__Task details__:
Copy the entries without a single change. Pictures should be dropped.

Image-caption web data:
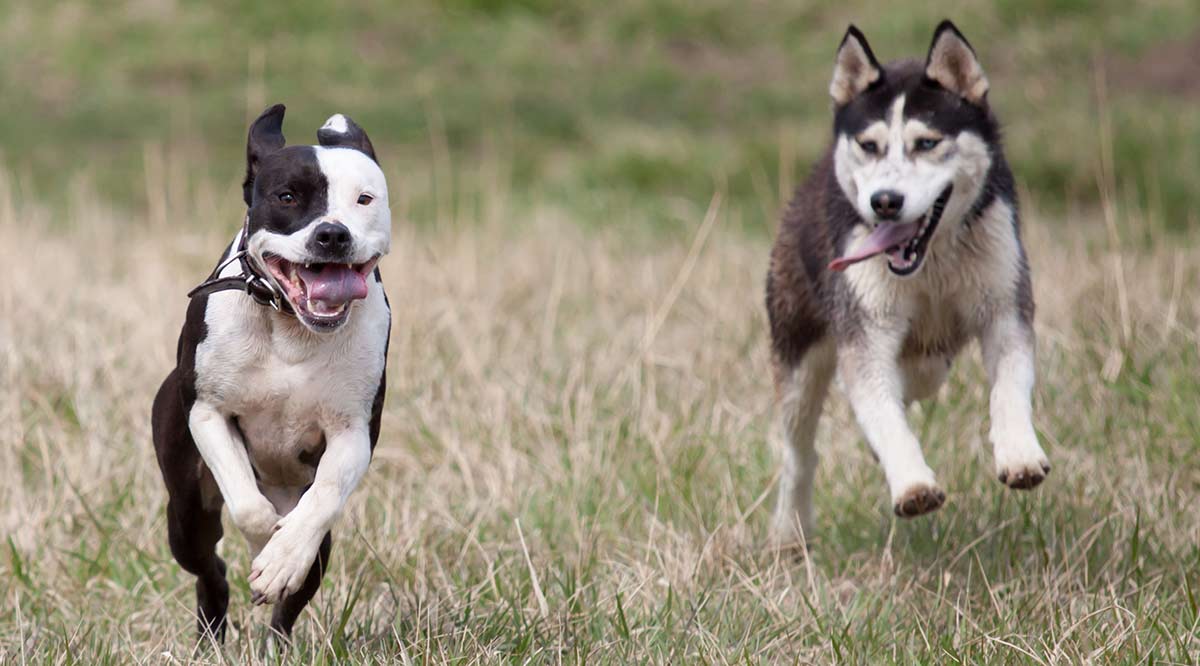 Pitbull and Husky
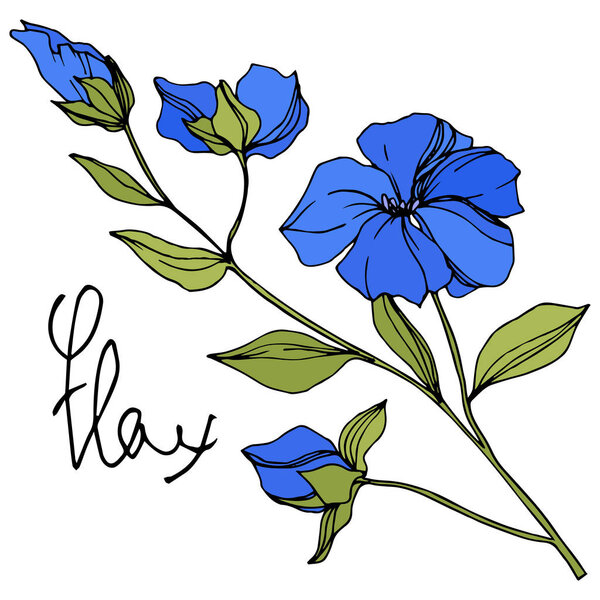 Vector Flax floral botanical flowers. Blue and green engraved ink art. Isolated flax illustration element.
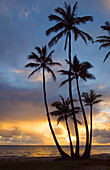Sunrise and coconut palm trees at Punalu'u Beach Park, Windward Oahu, Hawaii.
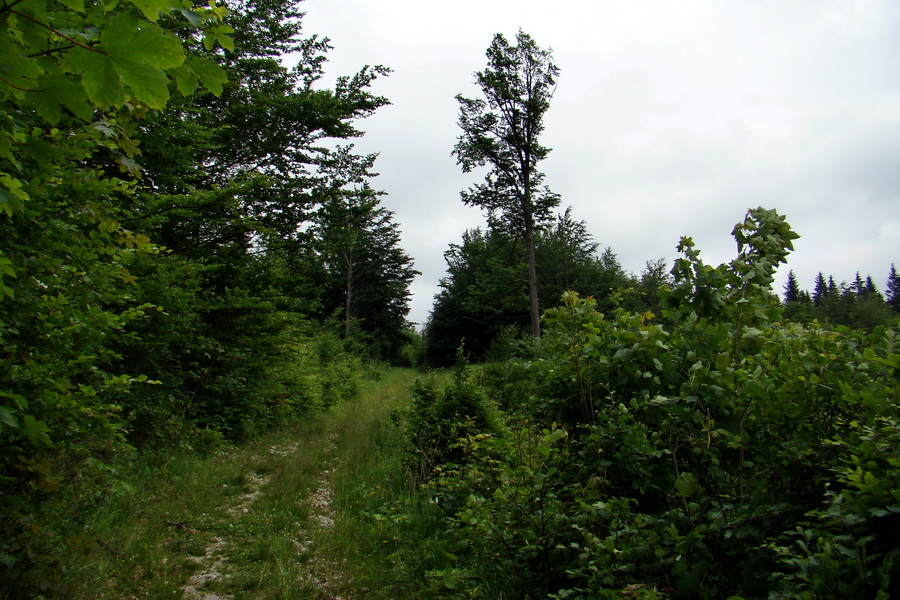 Havrania skala (Slovenský raj)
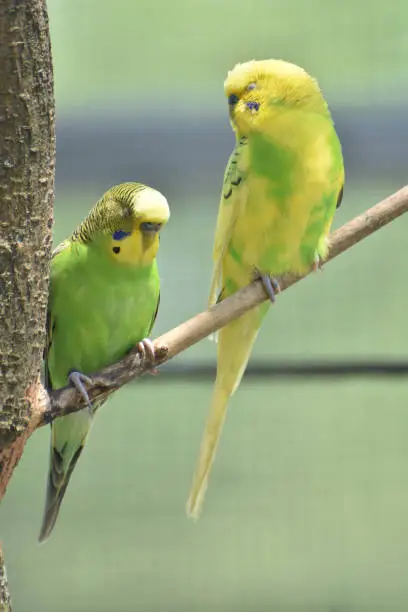 Pretty pair of budgies with colorful feathers in a tree.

__Completed exercise__:
 Pitbull and Husky
 Vector Flax floral botanical flowers. Blue and green engraved ink art. Isolated flax illustration element.
Sunrise and coconut palm trees at Punalu'u Beach Park, Windward Oahu, Hawaii.
 Havrania skala (Slovenský raj)
 Pretty pair of budgies with colorful feathers in a tree.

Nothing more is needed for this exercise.